In the end, as all of us are beginning to notice, the real cost of Donald Trump is the absolute devastation he has wrought on standards of political decency in the United States.
One must only reference the litany of Clinton campaign ads to find an exhaustive list of Trump’s transgressions, but some notables obviously include attacking John McCain’s war record, suggesting that Megyn Kelley’s tough line of questioning was a result of menstruation, suggesting that Carly Fiorina was too ugly garner votes, tweeting that Ben Carson’s lead in the Iowa polls was due to corn-induced brain “issues,” mocking a disabled New York Times Reporter, promising that the US target the families of known terrorists, calling for a ‘total and complete shutdown’ of Muslim immigration to the United States, asking his supporters to assault prospective protesters at his rallies, lying about his relationship with David Duke, suggesting his support for punishing women who receive abortions, suggesting that Ted Cruz’s father had something to do with the assassination of JFK, questioning the validity of a decision rendered by an American-born judge on behalf of his Mexican heritage, encouraging Russia to launch cyber attacks against the DNC, suggesting that women who are victims of sexual harassment allow themselves to be harassed, telling his supporters that Barack Obama and Hillary Clinton literally founded ISIS, and of course, bragging about sexually assaulting women and how his star status made it easier.
In 2012, a recording of Mitt Romney saying that 47% of people were determined to be dependent on the government and a poorly phrased debate answer (“binders full of women”) were enough to sow doubt in the minds of many independents. In 2004, an awkward scream was enough to weird people out on Howard Dean. Trump, in his campaign and in his presidency, has been immune to the consequences of his gaffes. The result of this bewildering trend? Crisis, and poor form, as well as bombshell screwups, have become normalized to the point where the public simply doesn't care.
After all of the scandal, and all of the nothing burger legislation passed by an entirely Republican government, 38% of voter still approve of the job he does. People have become so partisan that they have given up their standards of decency for winning, an undeniably troubling trend. When Greg Gianforte assaulted a reporter the day before his election, even the news media seemed to doubt the magnitude of the fallout. When he ended up winning, Paul Ryan asked Gianforte to apologize and nothing more. Are we so lax in our commitment to the Constitution that not seating a candidate who assaulted a reporter for asking a fair question is too much to ask?

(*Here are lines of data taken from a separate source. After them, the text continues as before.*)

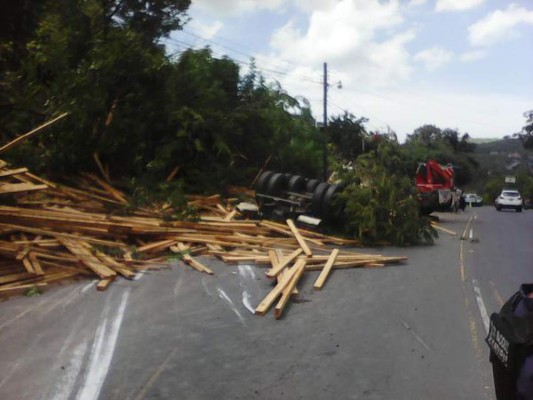 Joven muere aplastado en accidente vial en Honduras&nbsp;&nbsp;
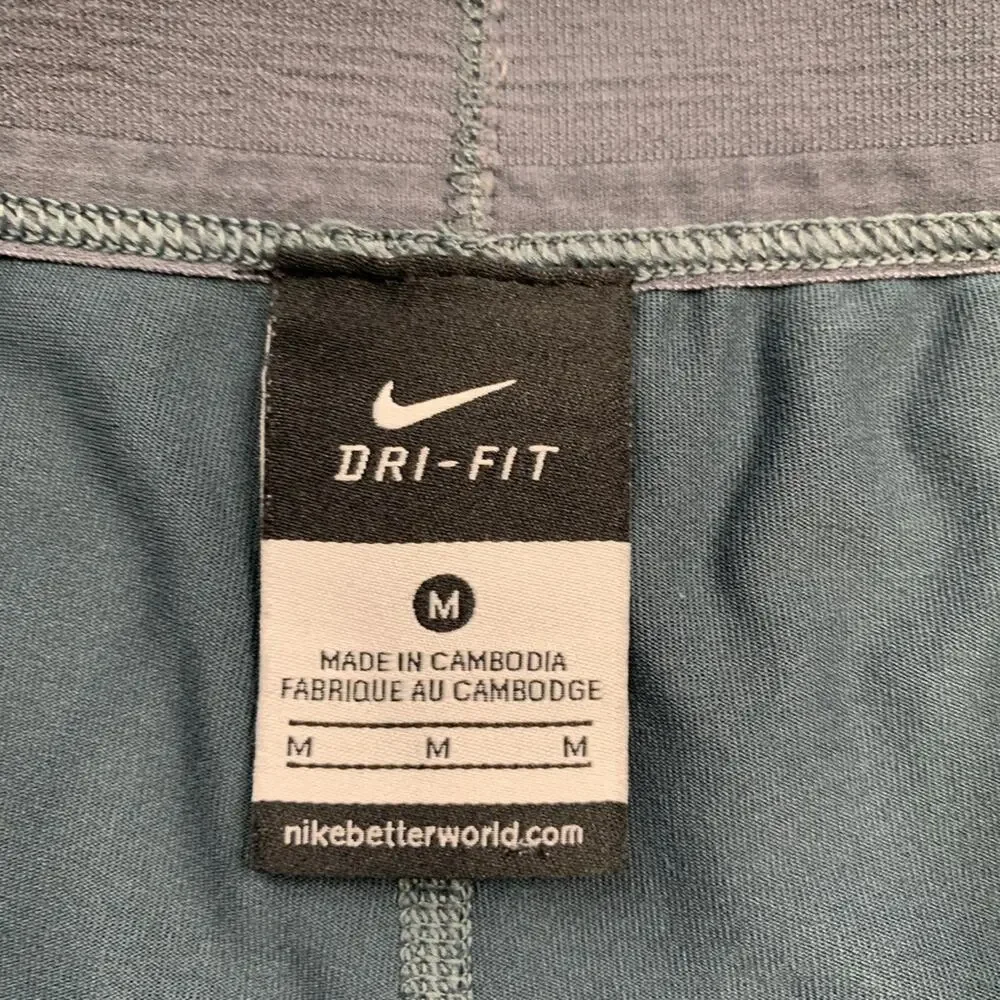 Nike Capri Leggings Women M Medium Gray Dri Fit Pull On Stretch Waistband Swoosh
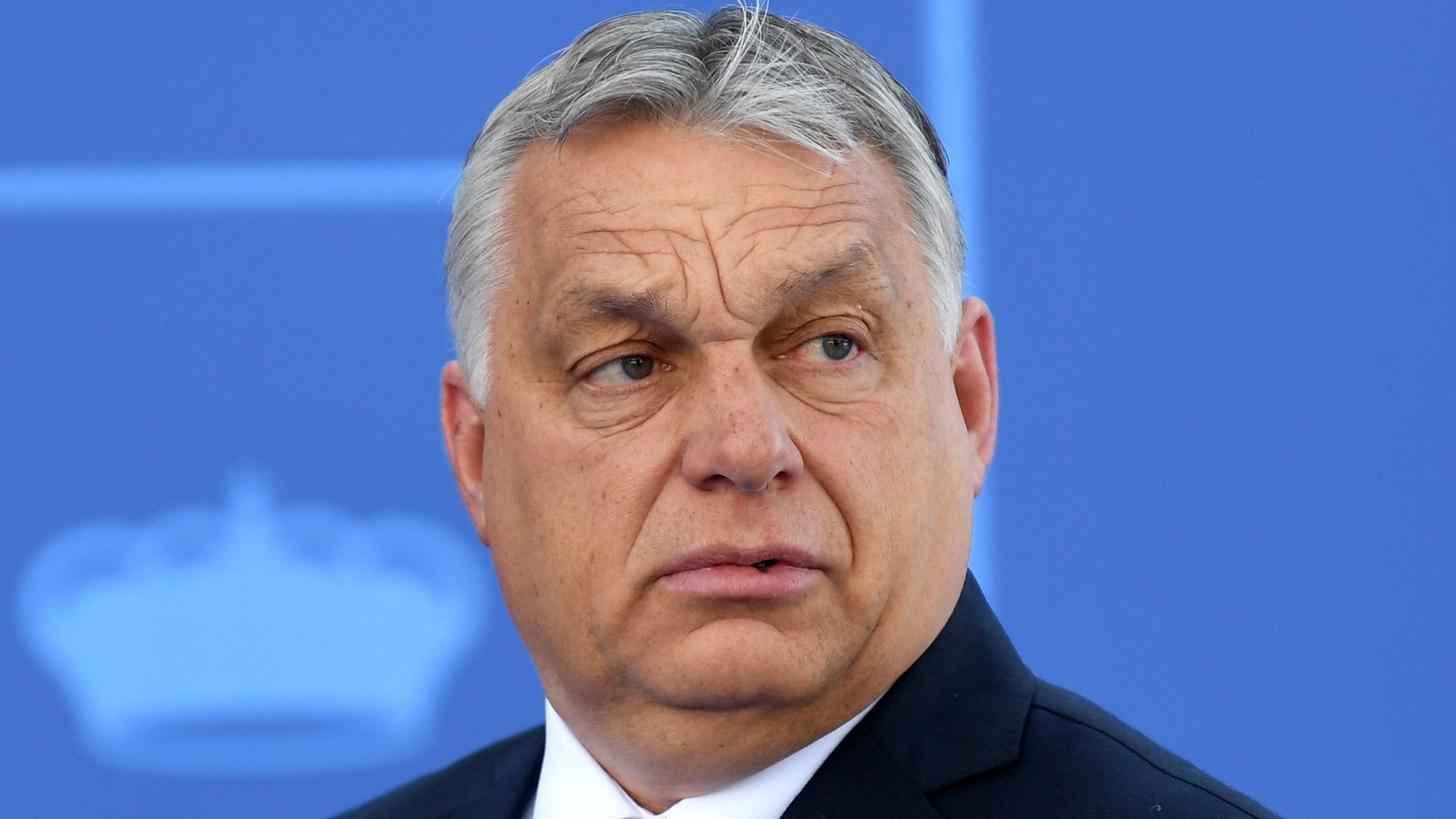 Viktor Orban Rusiya əleyhinə sanksiyalara qarşı çıxdı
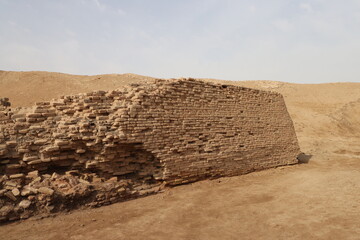 Antiquities of lagash in Iraq and Ancient ruins with cloudy sky 4000 years ago . old wall - obrazy, fototapety, plakaty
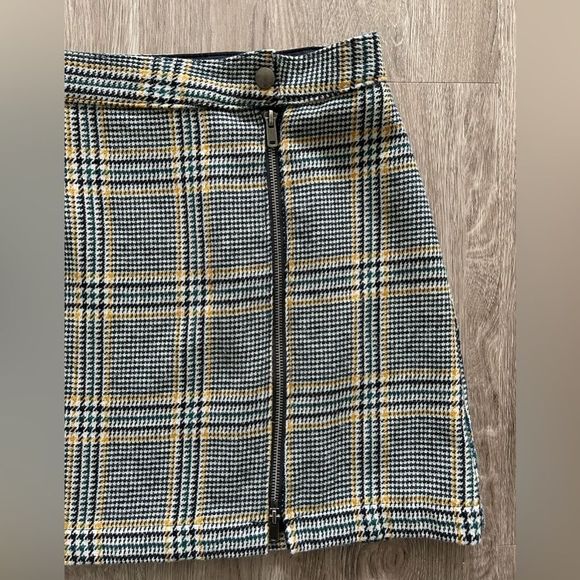 Abercrombie & Fitch Mini Skirt - Picture 2 of 5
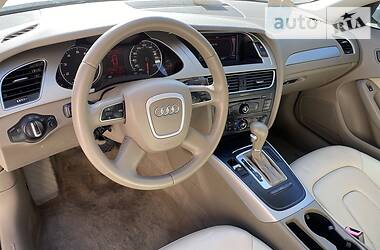 Седан Audi A4 2010 в Луцке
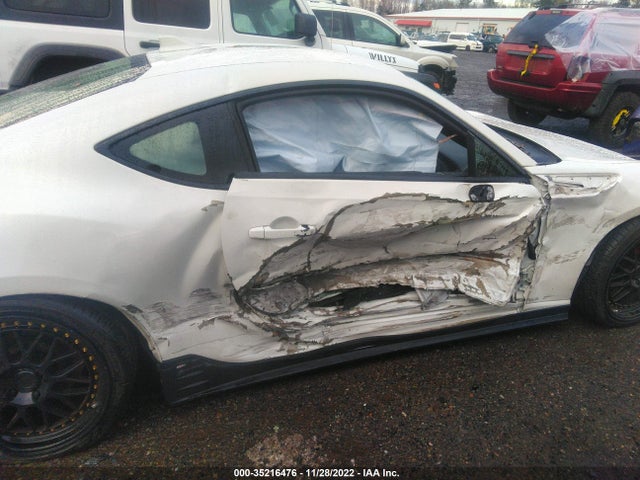 2015 Subaru BRZ, VIN: JF1ZCAC12F9601154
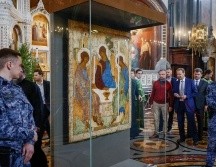 La pintura de La Trinidad está en una vitrina en una catedral en Moscú. REUTERS
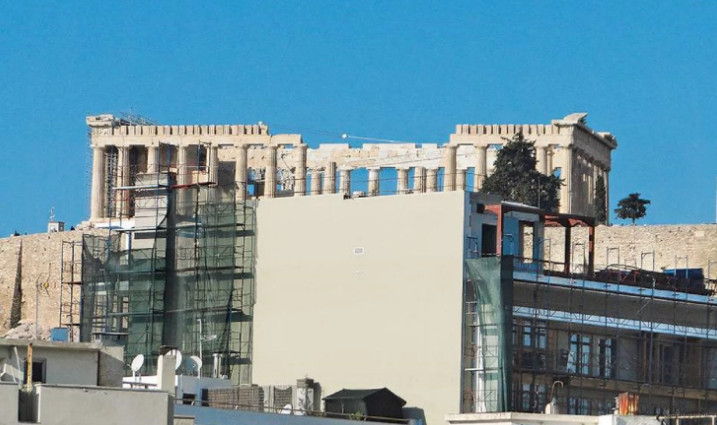 ΣτΕ τελεσίγραφο Ευμορφίδη για ξενοδοχείο στην Ακρόπολη: Γκρέμισέ το ή πλήρωσε προστιμο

In the first month of Obama’s presidency, Hannity ran a segment calling the President pretentious for ordering honey mustard on his burger during a visit to a diner. Today, he and all the other Fox News anchors have failed to level any type of serious scrutiny on an administration plagued with scandal, instead periodically running stories continuing to attack Hillary Clinton. When the President fires the FBI director in charge of an investigation into his own campaign it would be great if our representatives could do something more than look worried. Do Republicans really hold the country to such a low standard that they will allow Trump to make us look like a fool on the international stage because they like having a Republican in the White House? You have the Supreme Court justice, what is your excuse now? Can we see more than one or two Democrats coming out to unequivocally denounce Loretta Lynch’s attempts to frame the Clinton email investigation?
If you ask me, the policy side of government is not where we should be worried. Rather, the clear decay in standards of decency in politics is one of the most ominous threats to our nation’s political and social culture in decades. When our leaders act like children and set poor examples, their behavior becomes acceptable, especially to children who have never seen anything else. This is dangerous, and restoring decency to American politics is an uphill battle that all of us must fight.